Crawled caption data
####################

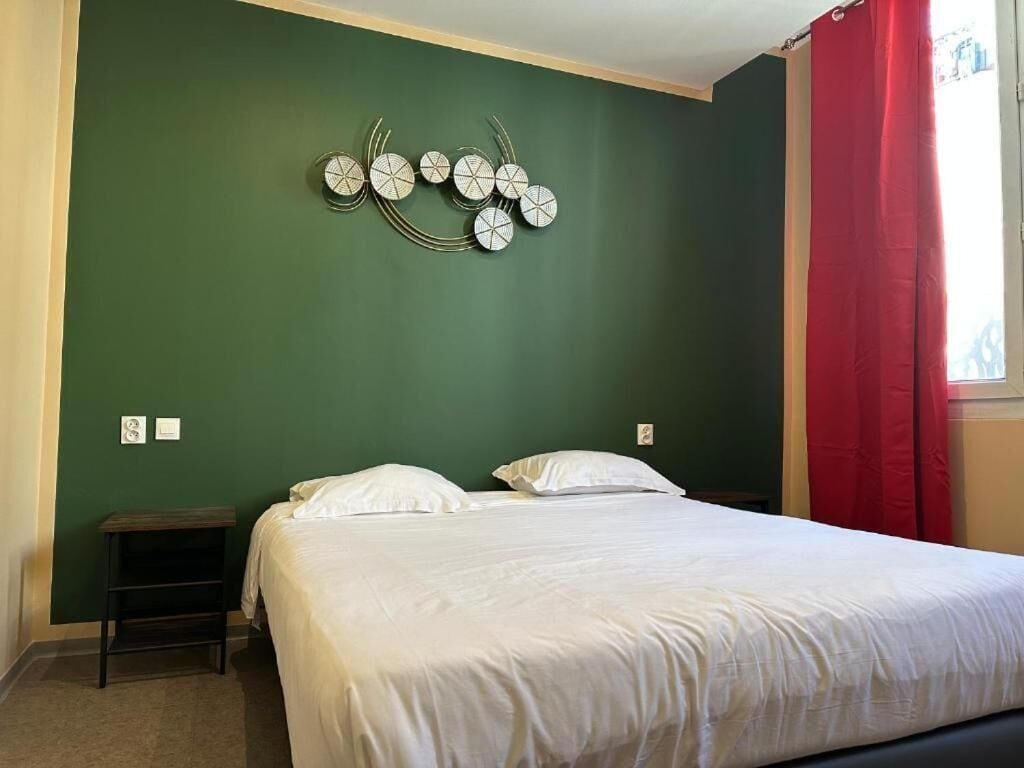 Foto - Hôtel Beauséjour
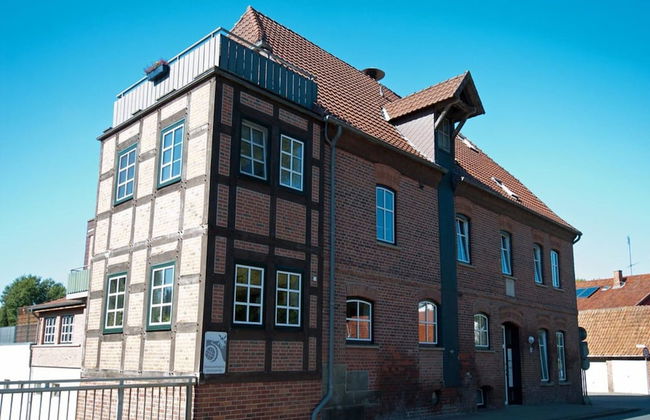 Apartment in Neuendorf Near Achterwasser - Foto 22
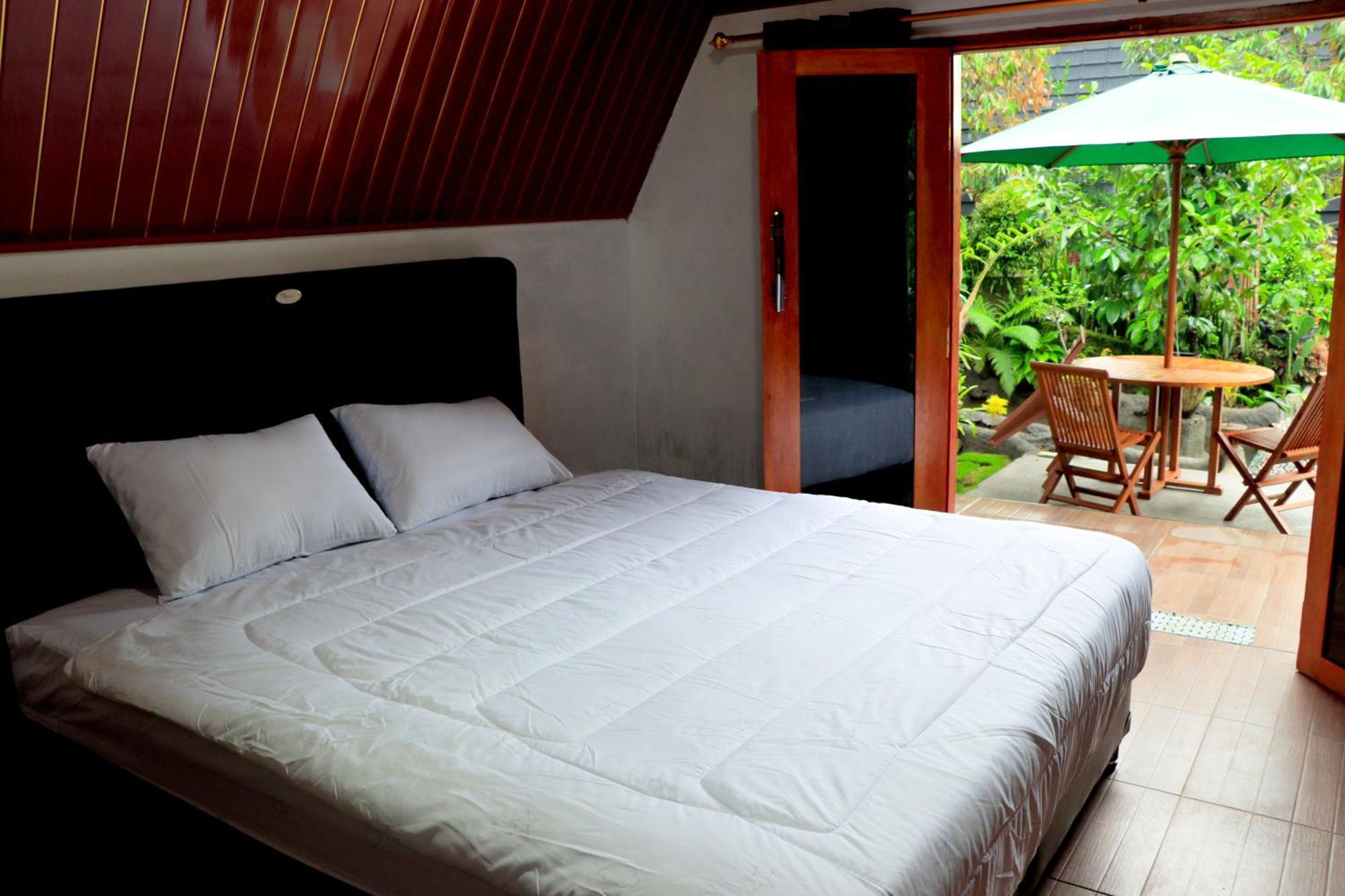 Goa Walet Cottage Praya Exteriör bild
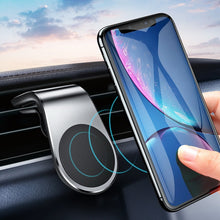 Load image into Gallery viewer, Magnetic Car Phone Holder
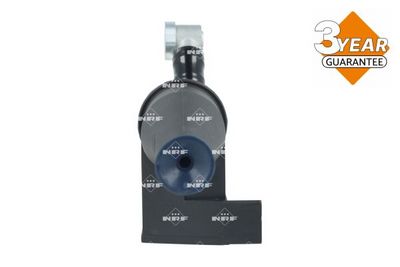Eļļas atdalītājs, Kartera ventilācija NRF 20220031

####################

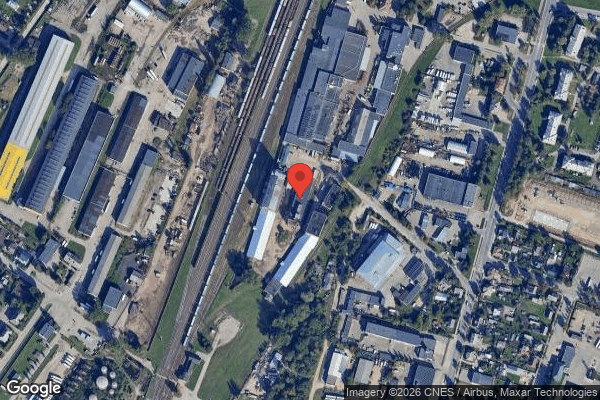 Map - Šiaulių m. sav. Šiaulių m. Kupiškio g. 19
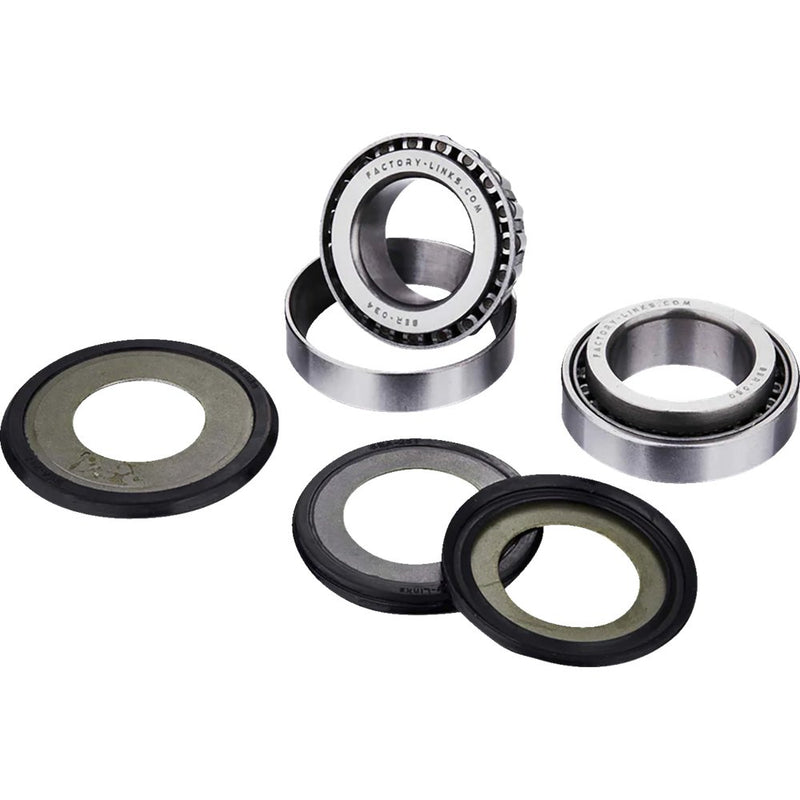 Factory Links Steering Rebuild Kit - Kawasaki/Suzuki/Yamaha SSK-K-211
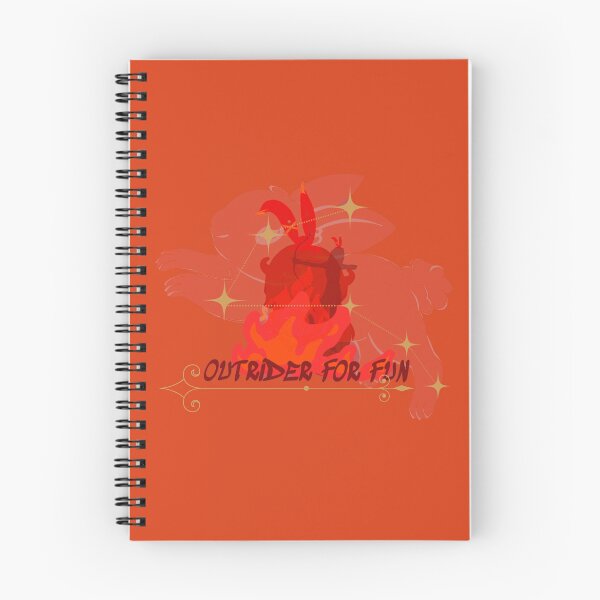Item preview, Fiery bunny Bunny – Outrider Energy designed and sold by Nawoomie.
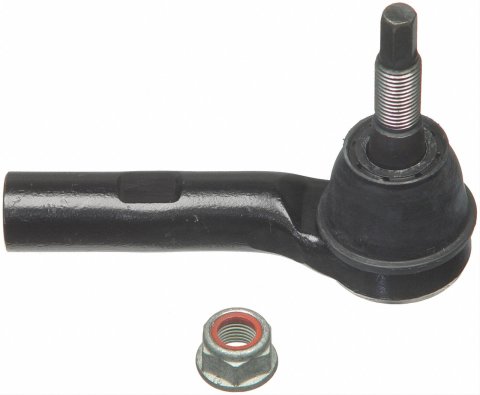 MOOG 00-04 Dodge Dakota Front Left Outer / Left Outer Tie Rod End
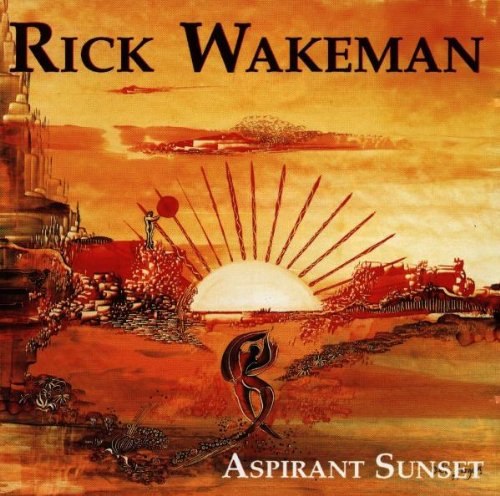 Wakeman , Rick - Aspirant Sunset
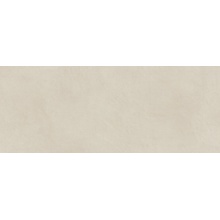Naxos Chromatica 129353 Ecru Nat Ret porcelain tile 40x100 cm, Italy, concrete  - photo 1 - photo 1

####################

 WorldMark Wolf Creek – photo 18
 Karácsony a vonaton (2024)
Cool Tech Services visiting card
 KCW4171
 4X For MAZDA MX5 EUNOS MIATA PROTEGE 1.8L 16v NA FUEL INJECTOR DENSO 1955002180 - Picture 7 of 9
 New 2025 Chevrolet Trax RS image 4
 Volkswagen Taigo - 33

####################

Description of the task = Both the line containing "Foto - Hôtel Beauséjour" and the line containing "Eļļas atdalītājs, Kartera" above belong in the output, as do the lines between them. Print them exactly, without pictures.

Your response =
 Foto - Hôtel Beauséjour
 Apartment in Neuendorf Near Achterwasser - Foto 22
 Goa Walet Cottage Praya Exteriör bild
 Load image into Gallery viewer, Magnetic Car Phone Holder
Eļļas atdalītājs, Kartera ventilācija NRF 20220031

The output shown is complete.